You can use BeautifulSoup and Requests Python libraries.

Write scripts to fulfil the below requirements:

a. Collect 1000 (or as many as possible) items from the website and save them to
csv(s) files.

    The data collected should include:
    1. Title
    2. Rating
    3. Price
    4. Stock availability (Boolean)
    5. UPC
    6. Quantity available
    7. Category
    (10 marks)
    
b. Identify any problems with the data and clean accordingly. (5 marks)

c. Calculate the total value of each category. Which category is the most valuable? (5 marks)

d. Which category with more than 10 titles has the highest percentage of books
rated 4 stars or higher? (5 marks)

e. Compare the average ratings of each category. What are your conclusions? (10 marks)

# SOLUTION

#### STEP 1: Import required libraries

In [None]:
import time
import pandas as pd
import requests
from bs4 import BeautifulSoup

    Pandas ---> Our library for data wrangling, data manipulation and data transformation.
    Requests ---> Our library for making requests to web pages and accessing resources on the internet.
    Time ---> Helps to handle time complexities in our code. Very useful for keeping track of when we last scraped.
    BS4 ---> The beautiful soup library used to parse, prettify, and work with HTML tags while scraping.

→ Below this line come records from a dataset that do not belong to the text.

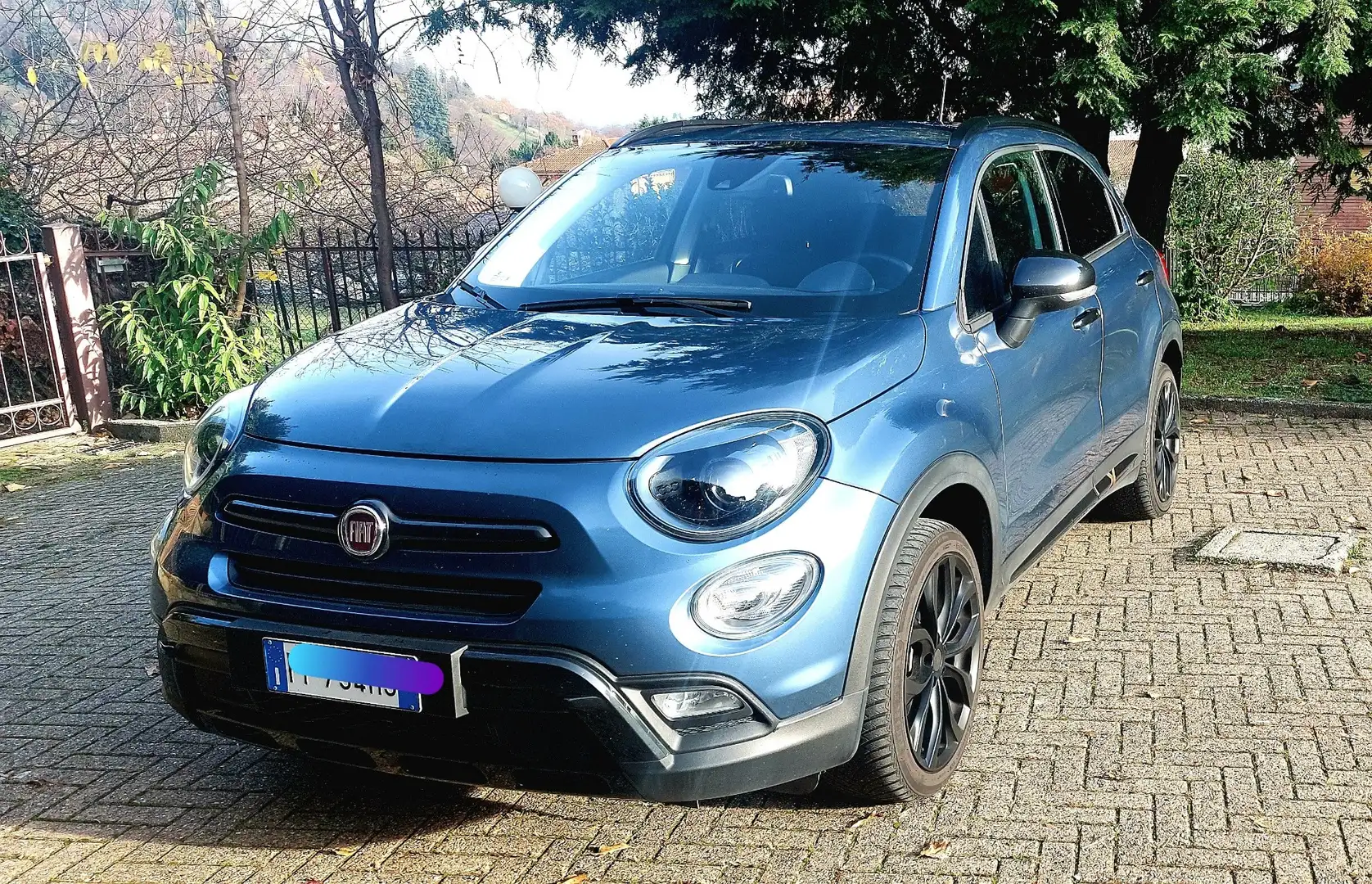 Fiat 500X 1.4 tjt S-Design off-road 4x2 Gpl 120cv - 2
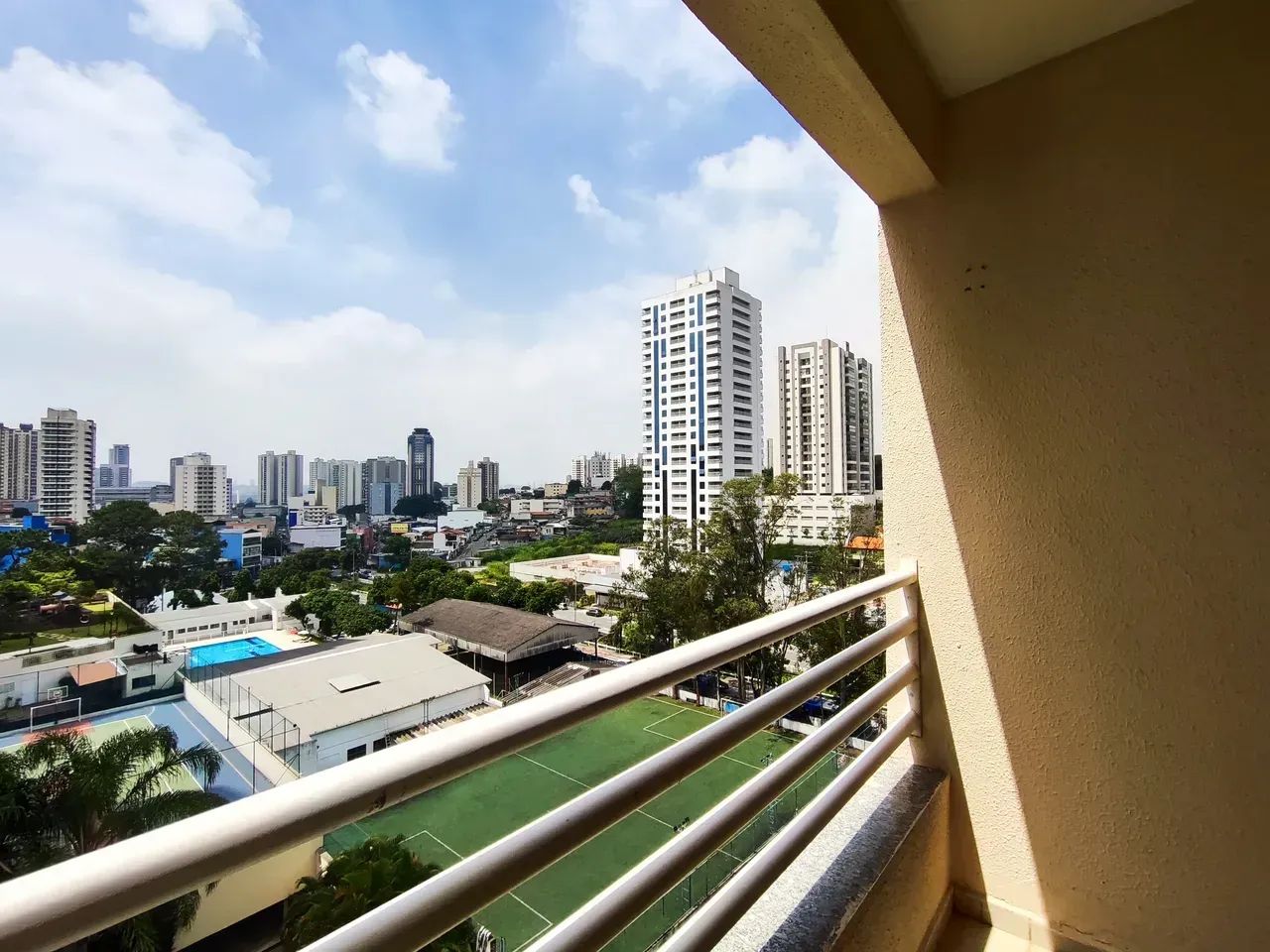 Apartamento de 55m2 com 02 dormitórios no Centro de Guarulhos - Foto 5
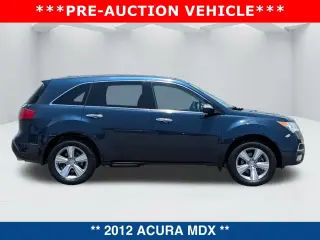 Acura MDX 2012 SH-AWD 4dr SUV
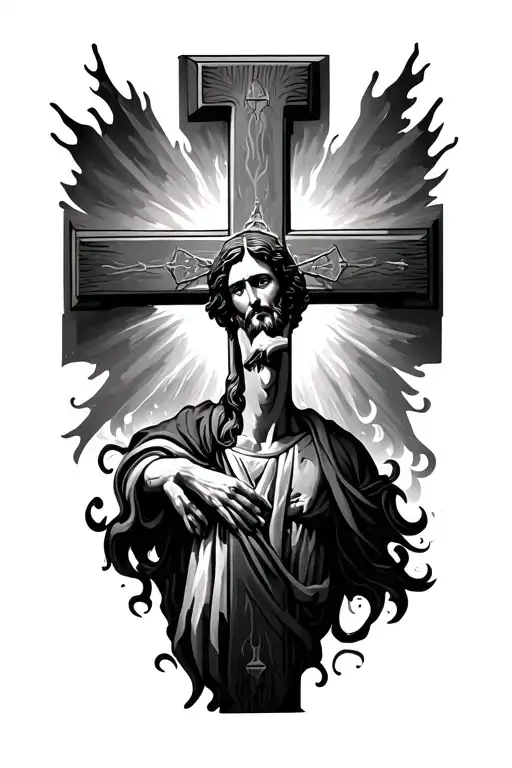 Cross Jesus Christ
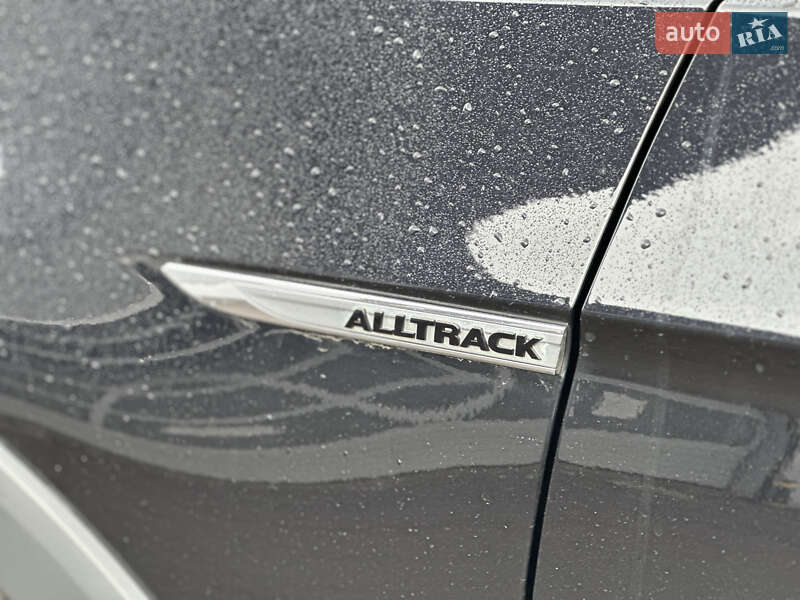 Универсал Volkswagen Passat Alltrack 2020 в Ровно
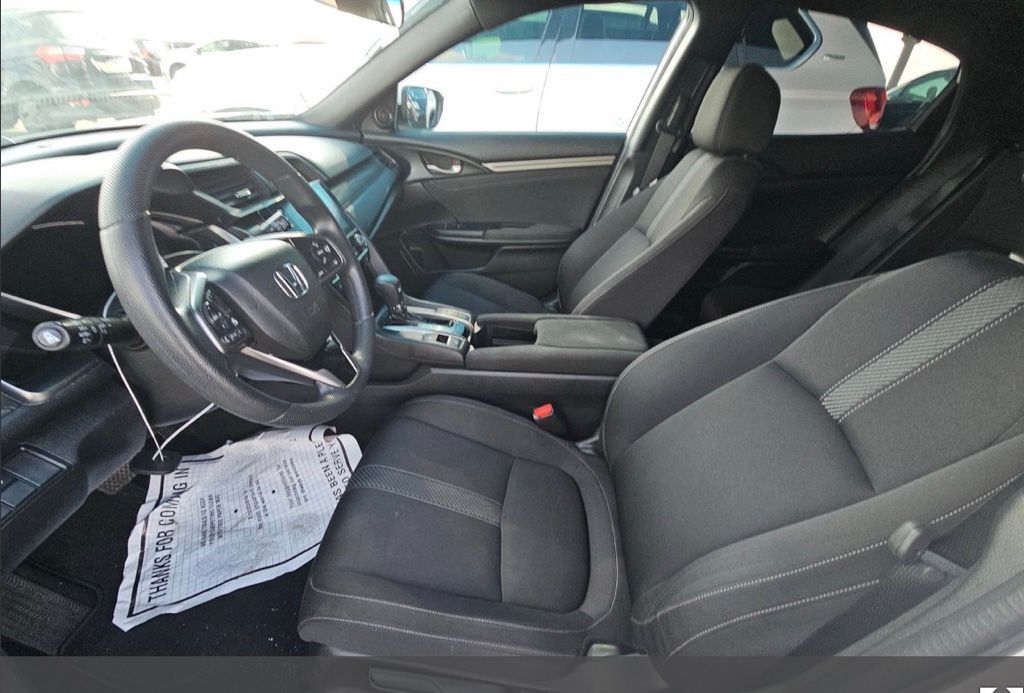 2019 Honda Civic EX Oklahoma City OK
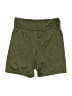 Fashion Nova Solid Green Athletic Shorts Size L - photo 1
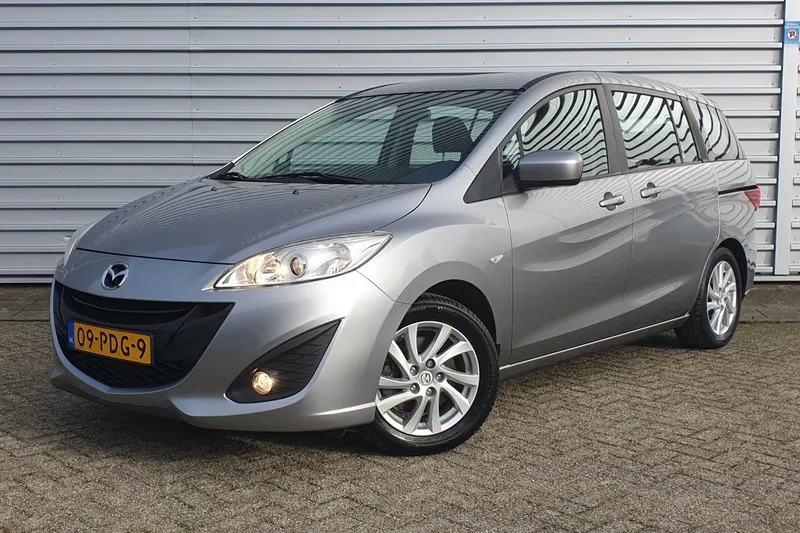 Mazda 5 (2011)
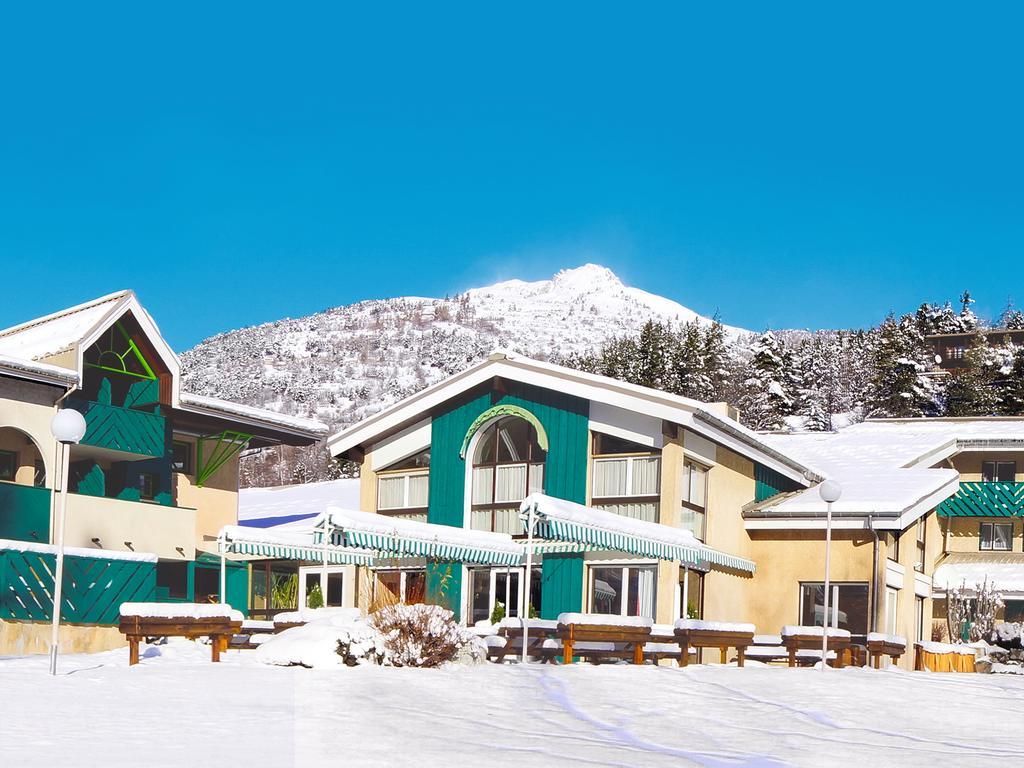 Club Vacances Bleues Les Alpes D'Azur La Salle-les-Alpes Bagian luar foto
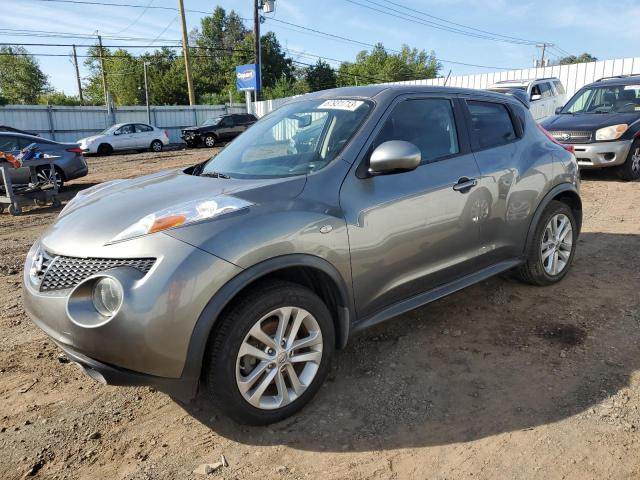 2011 Nissan JUKE S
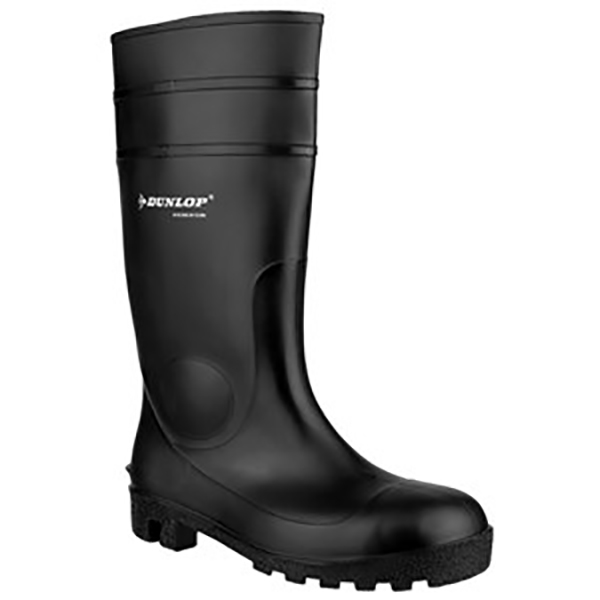 Protomaster 142PP Black Safety Wellington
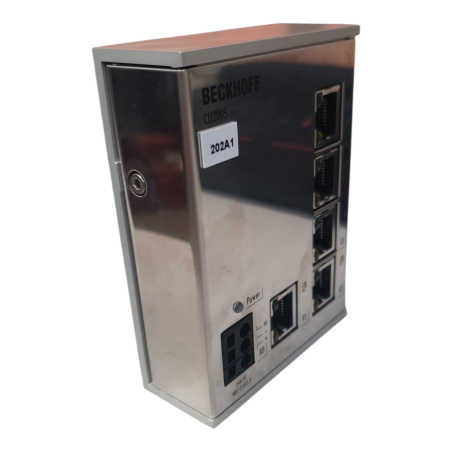 BECKHOFF CU2005 Switch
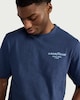 image 3 of RDA Goodyear T-Shirt in Navy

#### STEP 2: Creating functions

To scrape the books from the web page, we break down the task into 4 parts. each of these parts becomes a function that helps make solving the overall problem easier. This process is commonly referred to as functional programming and we would be applying this method towards creating and saving our dataset.

###### The Functions:
Functions for scraping:
- get_info_internal_links -> This function scrapes the html tags from the web address and creates an instance of the beautiful soup library using the data scraped and the 'html.parser' to parse the data.
- get_books_into_dataset -> Store all the data collected from each page into a list of lists.
- save_scraped_data -> Save the data to the generated_data folder.
- iterate_through_pages -> Iterate through multiple and single pages scraping the data from https://books.toscrape.com/ by combining all the functions created.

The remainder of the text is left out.